また、授業内で、授業計画に示した項目に関連した内容に関するプレゼンテー ション(各1回)を行い、その内容に関するディスカッションを履修者全員で行う。

【授業計画】
I.光合成電子伝達系の膜タンパク質複合体の立体構造
  1. 光化学系I複合体
  2. 光化学系II複合体
  3. シトクロムb6/f複合体
  4. 光捕集色素タンパク質複合体
II.光化学系I複合体の構築と修復
  1. Ycf3とYcf4の役割
  2. 単量体、三量体とIsiA
III.光化学系II複合体の構築と修復
  1. D1タンパク質のターンオーバー
  2. D1タンパク質の分解(DegPとFtsH)
  3. D1タンパク質のターンオーバーと光化学系II複合体
  4. 水分解系タンパク質の構築
  5. 単量体と二量体
IV.シトクロムb6/f複合体の構築と修復
  1. ヘムの組み込み
  2. 単量体と二量体、および構築における低分子量タンパク質の関与
V.光捕集色素タンパク質複合体の構築と修復
  1. アポタンパク質合成と色素分子の組み込み
  2. 多量体化

※パソコンの利用:プレゼンテーションの際に使用する。

教科書
適宜、オリジナル論文等を配布します。
参考文献
オリジナル論文中の引用文献。
「エッセンシャル細胞生物学」原書第5版、Alberts, Hopkin, Johnson, Morgan, Raff, Roberts, Walter著、中村桂子、松原謙一、榊佳 之、水島昇翻訳、南江堂、ISBN: 978-4524226825(図書館に原書第4版有)
「光合成」 日本光合成学会編、朝倉書店、ISBN: 978-4254171761(図書館に有) 
「光合成の科学」 東京大学光合成教育研究会編、東京大学出版会、ISBN: 978-4130622141(図書館に有) 
「光合成とはなにか」 園池公毅著、講談社、ISBN: 978-4062576123(図書館に有)

事前・事後学習(予習・復習)の内容・時間の目安

【予習】

授業に際して配付する資料、または参考文献を事前読み込み(25h)、プレゼンテーションの準備(1回、5h)


【復習】

レポート作成(1回、5h)、講義内容の理解を深め定着させるためにテキスト・オンデマンド教材を読み直し(25h)

アクティブ・ラーニングの内容
授業計画に示した項目に関連して、各自が探索したプレゼンテーション(1)を行い、その内容に関して履修者全員でディスカッションを行うことにより、論点の相互理解を図る。
成績評価の基準・方法
【成績評価の基準】
光合成反応に関わる膜タンパク質複合体のライフサイクルを理解し、基礎となる学術的な知識と関連分野を含めた理解を身に付けた者に単位を授与する。

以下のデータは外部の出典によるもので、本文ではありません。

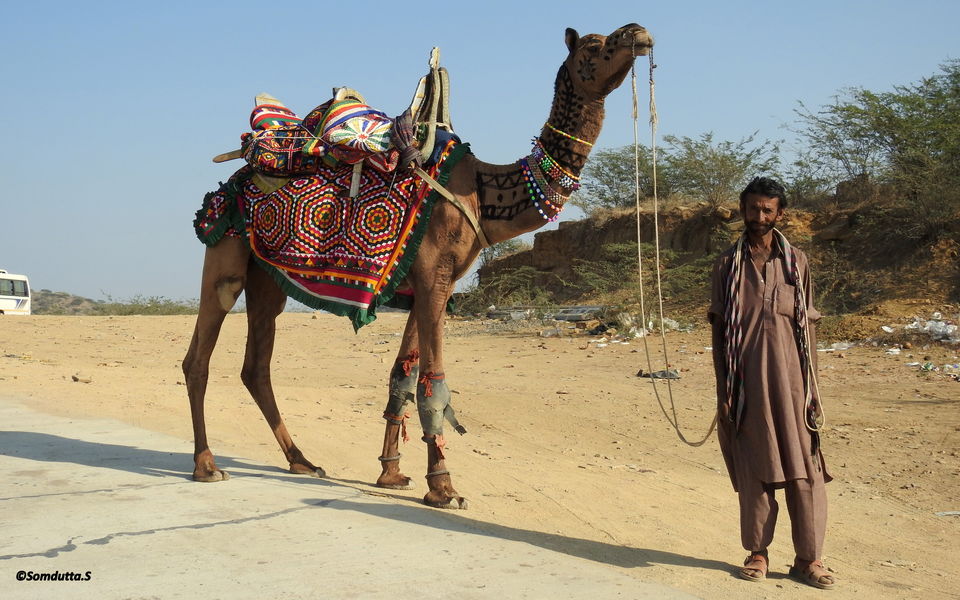 Photo of Kalo Dungar, Gujarat by Somdutta Sarkar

講義目的・到達目標に記載する能力(知識・技能、思考力、判断力、表現力等)の到達度を総合的に判断し、S(90点以上)A(80点以上)B(70点以上)C(60点以上)による成績評価のうえ、単位を付与する。

【成績評価の方法】
授業中に行った質疑応答の個別回答(20%)、プレゼンテーションの内容(60%)およびそれについてのディスカッション(20%)について、講義目的に関わる授業内容の理解度を総合的に評価する。
課題・試験結果の開示方法

・授業中の質疑応答については、逐次、講義の中で講評する。

・プレゼンテーションについては、発表とディスカッションの終了後、授業内で講評する。

履修上の注意・履修要件
事前・事後学習はもとより、「講義内容・授業計画」に記載した参考文献等の該当箇所などについて、十分な予習・復習をして講義に出席すること。
実践的教育
該当しない
備考
英語版と日本語版との間に内容の相違が生じた場合は、日本語版を優先するものとします。